Navjot Kaur (26, Midfielder) Kurukshetra, Haryana
She was eight when her father, a mechanic who wanted at least one of his children in sports, insisted she take up hockey. She started training in 2003 while at the Sanjay Gandhi National Park School. A midfielder on paper, her ability to poach goals is what saw her break into the senior team in 2012. Since then, she has gone on to win bronze and silver medals at the Asian Games in 2014 and 2018 respectively. She was also in the team that made it to the 2016 Rio Games, and the quarterfinals of the World Cup in 2018.
Savita Punia (31, Goalkeeper) Jodhka, Haryana
People in my village now think it’s okay to want their daughters admitted into a good college in another place. They tell my parents, Savita can go so far away, to other countries, other states, why can’t we send our daughters to another district?
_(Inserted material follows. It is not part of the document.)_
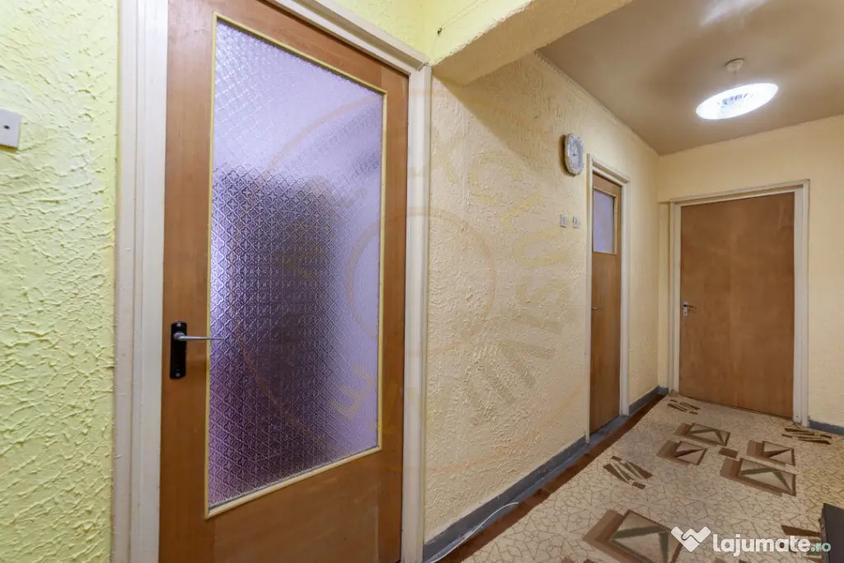 Apartament cu 2 camere decomandat, mobilat în Banat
There was a time Punia dreaded being the goalkeeper because she’d have to lug the heavy equipment across state transport buses, and wear it for a match during the summer heat. Now she’s the main choice goalkeeper, the team’s vice-captain, and one of the heroes of Monday’s quarter-final. Punia was encouraged to play hockey by her grandfather, but it wasn’t till her father spent a huge sum of money on a new kit that she started to take the game seriously. She grew in stature just as the women’s team started to improve rapidly, picking up two medals at consecutive Asian Games.
Namita Toppo (Midfielder)
I never think a match is over until the hooter blows. We may have a hard time, or bad luck, but until that hooter, it’s not over.
Lilima Minz (Midfielder)
We were in school and we had no direction, how far would we study, what we would do. In the village it was believed that girls should live like girls. Itna upar jaana nahin chahiye (You shouldn’t be climbing so high.) We had no national-level hockey player. I was the one who started it. Every year, now, people try to put their kids into the hostel.
Reena Khokhar (Defender)
I’m from Chandigarh, a city; a lot of the girls are from small towns and villages but we are a team. We know that it’s not a good thing to tease others for what you see as their weakness – ‘Oh, you don’t know English’, like that. That’s not a good sign for a team if you start to tease others, pounce on their weaknesses. It is our job to help and, if we do, the team will only grow.
Rajani Etimarpu (Reserve goalkeeper)
For girls like me, 4-5 years ago when people asked my family, ‘when will Rajni marry?’, my parents said that she’s playing well. Now nobody asks, they see that I’m doing well, my name is in the paper, they don’t ask. Wherever they go now, people respect my parents and it makes me very happy.